I think the EventsourcedProcessors write() requests a ReplicationWrite without respecting any batch sizes at all - not sure if that's the real issue though.

Cheers,
Gregor

Write batch sizes are limited by eventuate.log.replay-batch-size during recovery but if you generate many processed events per replayed event you may still run into this (known) issue. An already recovered processor that is under high load may also cause this issue.

Processing via the Akka Streams API will be the recommended way in to future to process events. It is currently work in progress and addresses all these issues. Expect a merge to master within the next weeks.

In any case, I'll add the bug label here as this should be fixed regardless whether the Akka Streams based processor API is in place or not. Thanks for reporting!
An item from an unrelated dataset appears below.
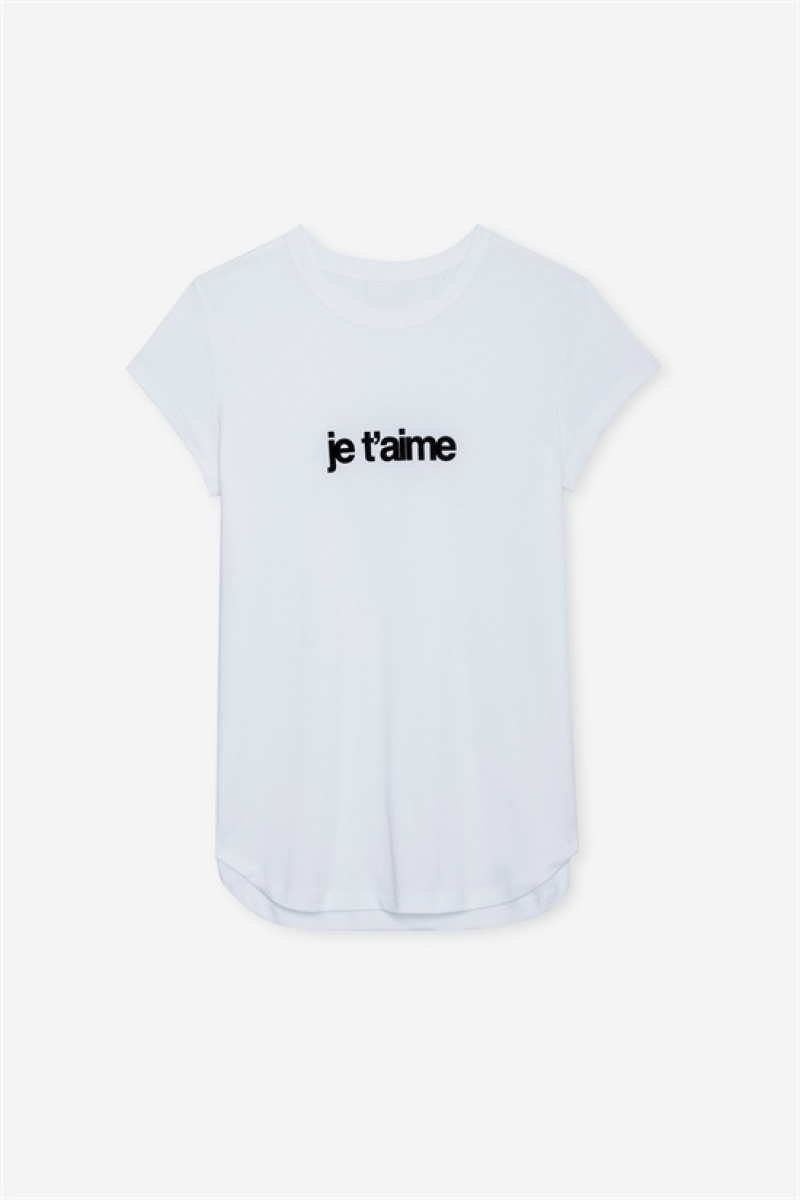 Zadig And Voltaire Woop Je T\'aime T-shirt White | ZV-256275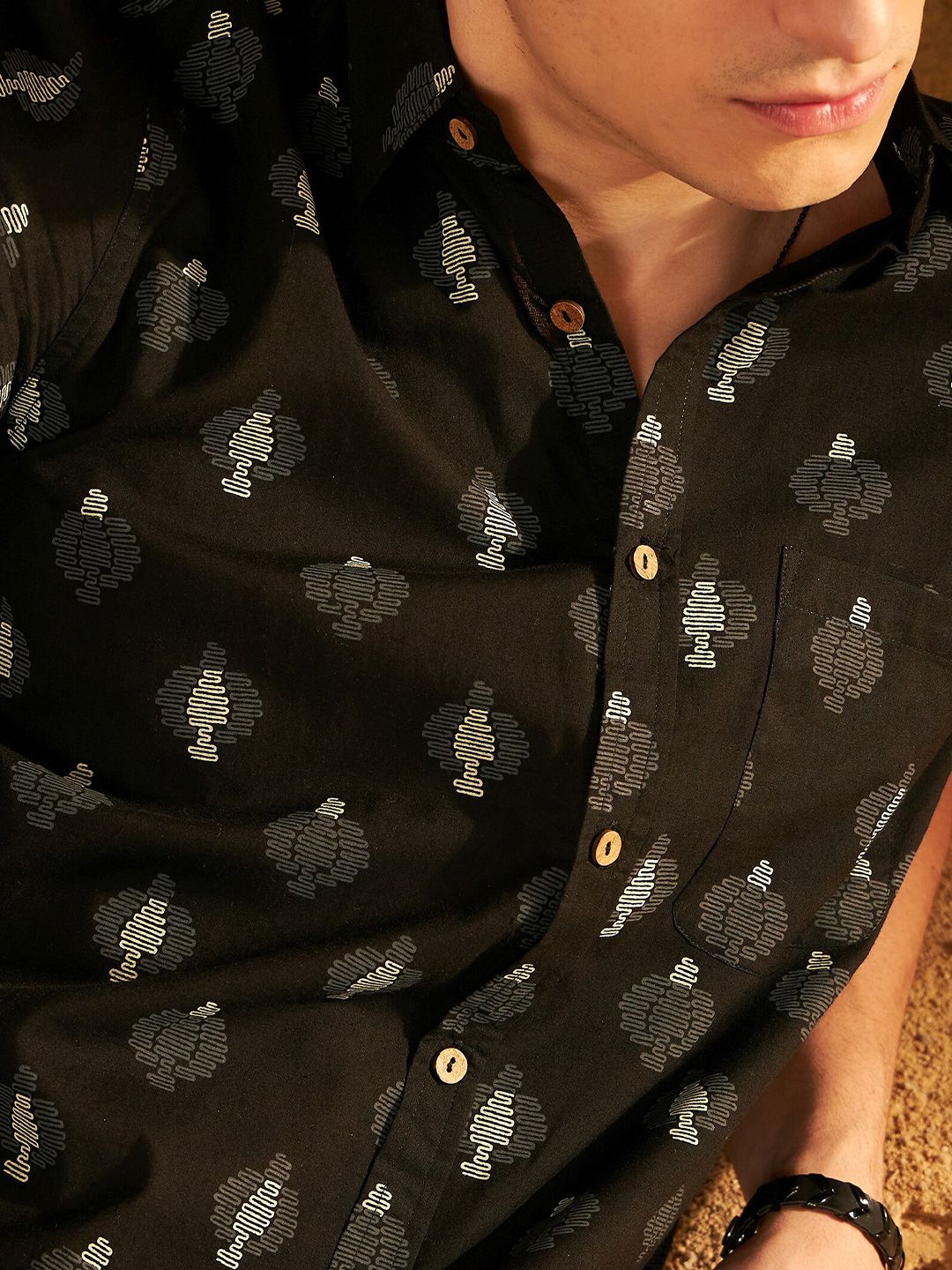 DENNISON Block Printed Lightweight Casual Shirt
@kongo2002 this is now fixed in #336. Please review and give it a try, thanks!

@krasserm great news - thanks a bunch!

@krasserm I just retried with the latest snapshot version and it works - great! You now have to look out for the correct write-batch-size of course.

Glad to hear that 😃 An alternative could be to allow a processor to generate more than write-batch-size events per input event at the risk of causing the same error you reported. But in this case this is a decision taken by the processor. For all other cases i.e. if a processor only generates less than write-batch-size events per input event, the aggregated batch size will never exceed write-batch-size. If this is a better alternative for you, I'm fine switching to it. WDYT?

Actually, an EventsourcedActor could also generate an event batch larger than write-batch-size if it persists more than write-batch-size events per command. I think we should either allow a processor to do that as well or restrict EventsourcedActor to not persisting more than write-batch-size per command.

My current preference is to allow a processor to generate more than write-batch-size events per input event as this still has a (good) chance to succeed. In any case both, EventsourcedProcessor and EventsourcedActor, should have the same batch size limitation policy (which is currently not the case). Thoughts?

Yes, I think you are right. Both EventsourcedProcessor and EventsourcedActor should behave the same regarding batch size limitations.
Then I would suggest aligning the processor to the EventsourcedActor's behavior while logging a warning as soon as the write-batch-size is exceeded.

Ok, expect an update soon. Will also cover things discussed here and the following comments.

@kongo2002 #341 covers these changes. Should be in master tomorrow I think.